55 Cancri Af is located about 0.781 AU away from the star and takes 262 days to complete a full orbit. A limitation of the radial velocity method used to detect 55 Cancri Af is that only a minimum mass can be obtained, in this case around 0.144 times that of Jupiter, or half the mass of Saturn. A Keplerian fit to the radial velocity data of 55 Cancri A indicates that the orbit is consistent with being circular; however, changing the value in a range between 0 and 0.4 does not significantly alter the chi-squared statistic of the fit, thus a representative eccentricity of 0.2±0.2 was assumed. In a Newtonian model which takes interactions between the planets into account, the eccentricity comes out as 0.0002, almost perfectly circular.

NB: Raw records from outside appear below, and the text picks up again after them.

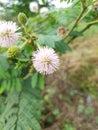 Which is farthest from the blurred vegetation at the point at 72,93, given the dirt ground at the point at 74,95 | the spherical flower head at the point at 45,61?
the spherical flower head at the point at 45,61

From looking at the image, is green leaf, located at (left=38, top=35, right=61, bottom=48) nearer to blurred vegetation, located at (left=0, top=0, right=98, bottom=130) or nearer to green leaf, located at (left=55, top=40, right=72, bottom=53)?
green leaf, located at (left=55, top=40, right=72, bottom=53)

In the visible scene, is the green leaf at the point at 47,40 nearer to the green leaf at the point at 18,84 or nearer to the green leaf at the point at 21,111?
the green leaf at the point at 21,111

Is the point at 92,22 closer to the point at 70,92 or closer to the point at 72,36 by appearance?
the point at 72,36

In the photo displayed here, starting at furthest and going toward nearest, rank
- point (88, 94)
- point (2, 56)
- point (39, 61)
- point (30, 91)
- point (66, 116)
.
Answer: point (88, 94)
point (66, 116)
point (30, 91)
point (2, 56)
point (39, 61)

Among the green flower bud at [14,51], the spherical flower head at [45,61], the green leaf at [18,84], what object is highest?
the green leaf at [18,84]

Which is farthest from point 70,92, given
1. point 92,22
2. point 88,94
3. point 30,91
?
point 92,22

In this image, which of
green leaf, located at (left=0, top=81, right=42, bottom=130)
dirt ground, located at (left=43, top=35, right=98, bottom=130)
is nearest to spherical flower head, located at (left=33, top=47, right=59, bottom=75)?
green leaf, located at (left=0, top=81, right=42, bottom=130) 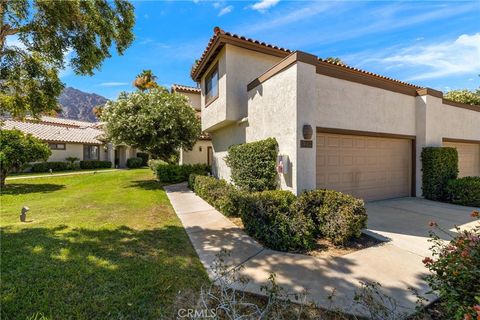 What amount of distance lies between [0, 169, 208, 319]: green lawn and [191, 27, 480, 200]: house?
3947 mm

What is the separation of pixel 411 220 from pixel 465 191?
168 inches

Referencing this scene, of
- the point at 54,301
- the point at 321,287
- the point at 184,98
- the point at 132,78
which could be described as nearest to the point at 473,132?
the point at 321,287

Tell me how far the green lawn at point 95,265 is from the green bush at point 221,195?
1665 millimetres

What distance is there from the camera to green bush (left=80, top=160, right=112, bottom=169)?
26391 mm

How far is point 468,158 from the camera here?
1308cm

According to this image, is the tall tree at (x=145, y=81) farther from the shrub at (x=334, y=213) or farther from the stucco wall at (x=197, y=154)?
the shrub at (x=334, y=213)

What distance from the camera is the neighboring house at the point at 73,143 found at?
24.8 meters

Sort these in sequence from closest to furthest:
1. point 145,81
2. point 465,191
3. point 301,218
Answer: point 301,218 → point 465,191 → point 145,81

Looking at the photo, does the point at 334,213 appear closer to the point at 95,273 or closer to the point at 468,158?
the point at 95,273

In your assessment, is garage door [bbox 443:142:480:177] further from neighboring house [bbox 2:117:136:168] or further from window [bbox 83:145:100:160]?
window [bbox 83:145:100:160]

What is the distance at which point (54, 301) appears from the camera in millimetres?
3254

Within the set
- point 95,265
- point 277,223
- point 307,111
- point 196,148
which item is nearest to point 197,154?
point 196,148

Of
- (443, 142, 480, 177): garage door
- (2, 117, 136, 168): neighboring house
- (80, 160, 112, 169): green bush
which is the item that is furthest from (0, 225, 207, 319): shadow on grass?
(80, 160, 112, 169): green bush

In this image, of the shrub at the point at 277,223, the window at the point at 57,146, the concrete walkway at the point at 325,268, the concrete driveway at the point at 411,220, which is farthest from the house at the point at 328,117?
the window at the point at 57,146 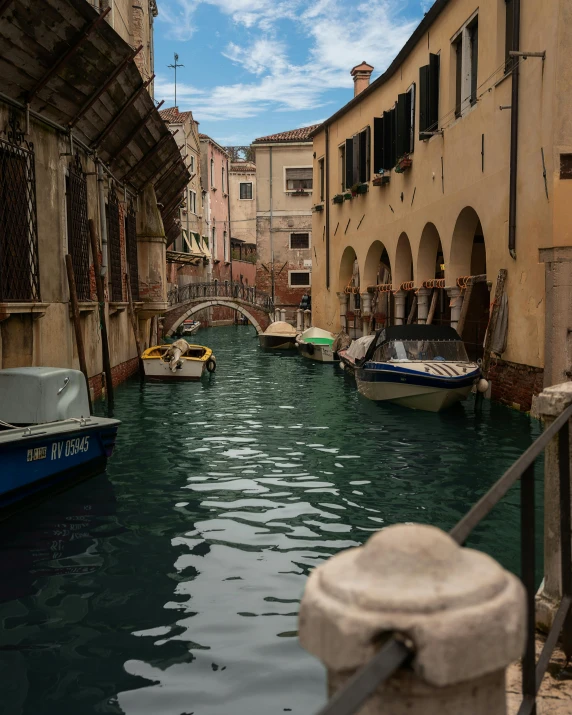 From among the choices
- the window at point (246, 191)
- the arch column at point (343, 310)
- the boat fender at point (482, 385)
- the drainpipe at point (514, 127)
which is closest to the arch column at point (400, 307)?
the arch column at point (343, 310)

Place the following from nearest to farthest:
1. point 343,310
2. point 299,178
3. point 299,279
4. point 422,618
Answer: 1. point 422,618
2. point 343,310
3. point 299,178
4. point 299,279

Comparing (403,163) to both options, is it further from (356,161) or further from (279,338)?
(279,338)

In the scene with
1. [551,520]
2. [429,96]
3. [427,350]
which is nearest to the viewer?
[551,520]

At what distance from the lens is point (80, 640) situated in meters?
4.16

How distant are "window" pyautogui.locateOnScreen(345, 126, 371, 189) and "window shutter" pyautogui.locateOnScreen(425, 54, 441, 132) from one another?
503cm

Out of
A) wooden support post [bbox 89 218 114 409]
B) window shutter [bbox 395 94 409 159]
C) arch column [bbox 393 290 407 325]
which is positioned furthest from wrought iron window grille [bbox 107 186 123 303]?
arch column [bbox 393 290 407 325]

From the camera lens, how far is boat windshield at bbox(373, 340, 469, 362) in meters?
12.3

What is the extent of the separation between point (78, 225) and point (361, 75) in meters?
14.7

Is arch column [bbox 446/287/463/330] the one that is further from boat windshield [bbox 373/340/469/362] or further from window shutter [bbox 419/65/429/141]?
window shutter [bbox 419/65/429/141]

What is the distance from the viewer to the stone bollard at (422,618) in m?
1.25

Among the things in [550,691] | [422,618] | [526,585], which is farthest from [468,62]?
[422,618]

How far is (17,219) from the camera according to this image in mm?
8930

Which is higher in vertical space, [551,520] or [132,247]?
[132,247]

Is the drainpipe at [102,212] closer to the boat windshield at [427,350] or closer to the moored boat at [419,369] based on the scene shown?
the moored boat at [419,369] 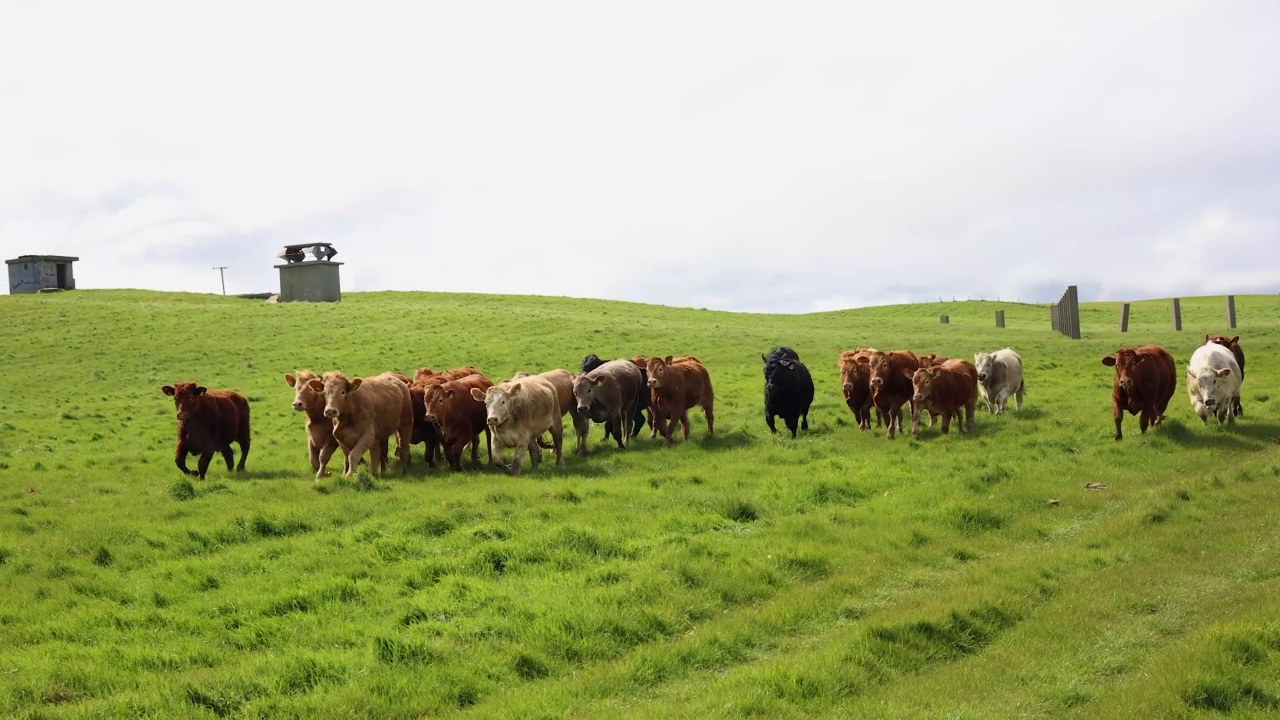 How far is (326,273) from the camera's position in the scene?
225 feet

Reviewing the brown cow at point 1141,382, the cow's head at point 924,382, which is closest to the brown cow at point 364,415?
the cow's head at point 924,382

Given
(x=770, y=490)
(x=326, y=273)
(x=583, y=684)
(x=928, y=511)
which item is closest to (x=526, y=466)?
(x=770, y=490)

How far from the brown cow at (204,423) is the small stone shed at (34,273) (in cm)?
6775

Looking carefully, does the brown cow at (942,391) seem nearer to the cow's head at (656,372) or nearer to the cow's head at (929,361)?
the cow's head at (929,361)

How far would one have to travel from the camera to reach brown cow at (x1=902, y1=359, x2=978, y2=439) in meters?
18.6

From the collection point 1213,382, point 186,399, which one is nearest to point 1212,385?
point 1213,382

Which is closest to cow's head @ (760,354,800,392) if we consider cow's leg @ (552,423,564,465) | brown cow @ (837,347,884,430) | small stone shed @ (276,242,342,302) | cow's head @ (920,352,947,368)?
brown cow @ (837,347,884,430)

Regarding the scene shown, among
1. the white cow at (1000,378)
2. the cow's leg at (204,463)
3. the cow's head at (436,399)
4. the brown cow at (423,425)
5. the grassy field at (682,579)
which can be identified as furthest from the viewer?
the white cow at (1000,378)

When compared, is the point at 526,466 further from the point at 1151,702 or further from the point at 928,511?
the point at 1151,702

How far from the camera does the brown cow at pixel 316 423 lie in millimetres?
15961

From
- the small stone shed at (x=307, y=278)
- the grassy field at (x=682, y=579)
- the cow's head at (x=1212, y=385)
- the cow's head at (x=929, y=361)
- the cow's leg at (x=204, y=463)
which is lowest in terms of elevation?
the grassy field at (x=682, y=579)

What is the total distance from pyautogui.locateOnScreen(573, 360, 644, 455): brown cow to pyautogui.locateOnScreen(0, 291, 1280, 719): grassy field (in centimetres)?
66

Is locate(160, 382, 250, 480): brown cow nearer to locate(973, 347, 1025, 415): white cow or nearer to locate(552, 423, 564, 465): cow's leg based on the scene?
locate(552, 423, 564, 465): cow's leg

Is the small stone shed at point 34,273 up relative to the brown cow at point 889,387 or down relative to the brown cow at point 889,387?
up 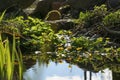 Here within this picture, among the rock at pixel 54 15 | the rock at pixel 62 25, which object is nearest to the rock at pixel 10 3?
the rock at pixel 54 15

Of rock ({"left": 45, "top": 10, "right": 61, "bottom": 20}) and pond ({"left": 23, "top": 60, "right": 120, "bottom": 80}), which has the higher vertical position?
rock ({"left": 45, "top": 10, "right": 61, "bottom": 20})

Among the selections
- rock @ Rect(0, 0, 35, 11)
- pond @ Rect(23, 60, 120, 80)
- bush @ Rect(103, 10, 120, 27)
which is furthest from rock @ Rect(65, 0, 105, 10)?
pond @ Rect(23, 60, 120, 80)

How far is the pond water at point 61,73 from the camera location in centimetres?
414

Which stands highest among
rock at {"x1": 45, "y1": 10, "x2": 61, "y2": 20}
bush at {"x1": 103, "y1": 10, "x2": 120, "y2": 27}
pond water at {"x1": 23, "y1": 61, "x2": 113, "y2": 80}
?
rock at {"x1": 45, "y1": 10, "x2": 61, "y2": 20}

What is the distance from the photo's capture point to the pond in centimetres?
414

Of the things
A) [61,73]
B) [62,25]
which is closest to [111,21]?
[62,25]

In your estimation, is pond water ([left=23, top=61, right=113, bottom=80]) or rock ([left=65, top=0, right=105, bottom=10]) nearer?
pond water ([left=23, top=61, right=113, bottom=80])

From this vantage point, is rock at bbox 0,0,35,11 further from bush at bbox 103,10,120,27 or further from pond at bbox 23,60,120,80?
pond at bbox 23,60,120,80

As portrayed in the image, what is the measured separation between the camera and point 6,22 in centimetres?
619

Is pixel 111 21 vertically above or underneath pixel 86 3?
underneath

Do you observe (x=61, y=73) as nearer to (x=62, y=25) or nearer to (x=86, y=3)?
(x=62, y=25)

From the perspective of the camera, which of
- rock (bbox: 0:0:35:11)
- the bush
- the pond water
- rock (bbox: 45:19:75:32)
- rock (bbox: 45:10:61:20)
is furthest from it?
rock (bbox: 45:10:61:20)

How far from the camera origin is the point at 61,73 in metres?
4.39

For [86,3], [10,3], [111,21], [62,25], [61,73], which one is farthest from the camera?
[86,3] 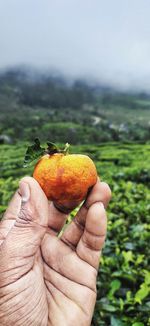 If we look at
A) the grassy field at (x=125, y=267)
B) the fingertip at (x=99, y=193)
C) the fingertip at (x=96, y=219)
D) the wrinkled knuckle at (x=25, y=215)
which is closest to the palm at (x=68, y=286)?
the fingertip at (x=96, y=219)

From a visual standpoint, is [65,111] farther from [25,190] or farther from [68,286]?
[25,190]

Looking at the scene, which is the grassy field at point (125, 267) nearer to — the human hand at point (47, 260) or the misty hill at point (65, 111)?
the human hand at point (47, 260)

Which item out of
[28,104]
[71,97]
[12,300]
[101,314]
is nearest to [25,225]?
[12,300]

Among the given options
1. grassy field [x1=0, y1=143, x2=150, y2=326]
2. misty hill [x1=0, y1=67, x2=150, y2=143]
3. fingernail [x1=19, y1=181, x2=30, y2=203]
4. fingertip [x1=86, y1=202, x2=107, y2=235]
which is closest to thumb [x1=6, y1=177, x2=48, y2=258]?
fingernail [x1=19, y1=181, x2=30, y2=203]

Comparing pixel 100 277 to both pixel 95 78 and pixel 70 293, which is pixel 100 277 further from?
pixel 95 78

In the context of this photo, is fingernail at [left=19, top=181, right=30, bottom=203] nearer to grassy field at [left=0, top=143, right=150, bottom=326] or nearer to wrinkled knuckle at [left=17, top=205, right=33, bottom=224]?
wrinkled knuckle at [left=17, top=205, right=33, bottom=224]

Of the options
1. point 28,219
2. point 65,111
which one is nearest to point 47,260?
point 28,219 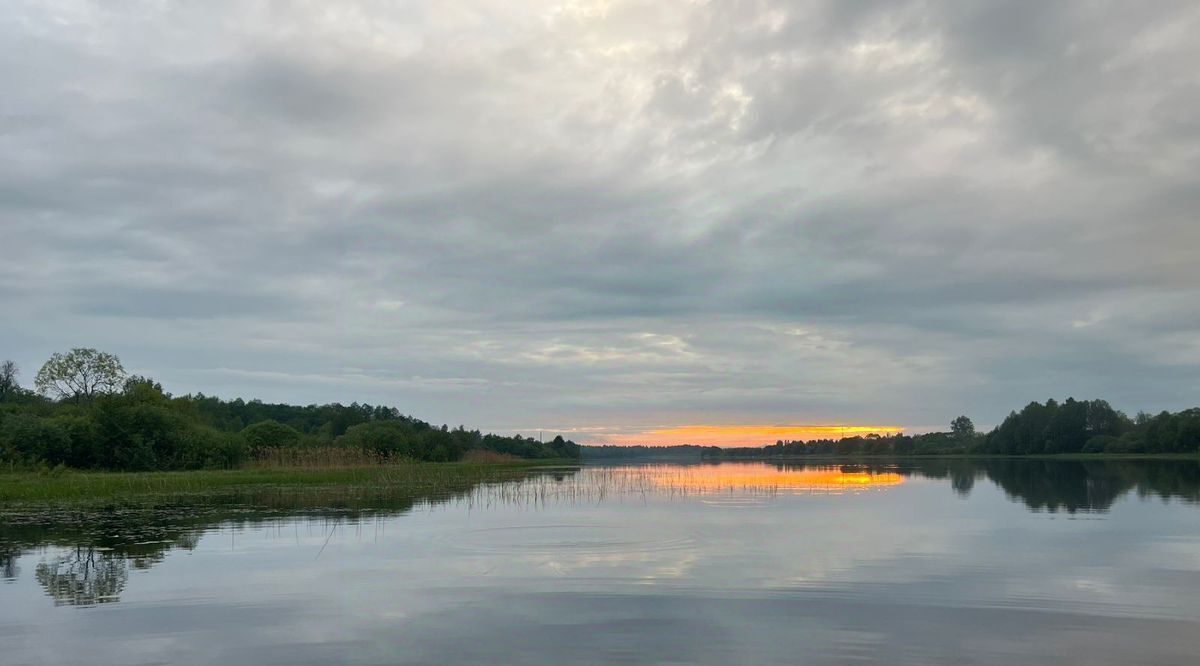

Astrometric observations made with the Hubble Space Telescope suggest that the outer planet 55 Cancri Ad is inclined at 53° with respect to the plane of the sky. The inner planets b and e are inclined at 85°. The inclination of f is unknown.

== Characteristics ==
Since the planet was detected indirectly through observations of its star, properties such as its radius, composition and temperature are unknown. With a mass half that of Saturn, 55 Cancri Af is likely to be a gas giant with no solid surface. It orbits in the so-called "habitable zone," which means that liquid water could exist on the surface of a possible moon.

It is also possible that 55 Cancri Af is a "temperate ice giant" or hycean planet due to its orbit and possible hydrogen-rich composition.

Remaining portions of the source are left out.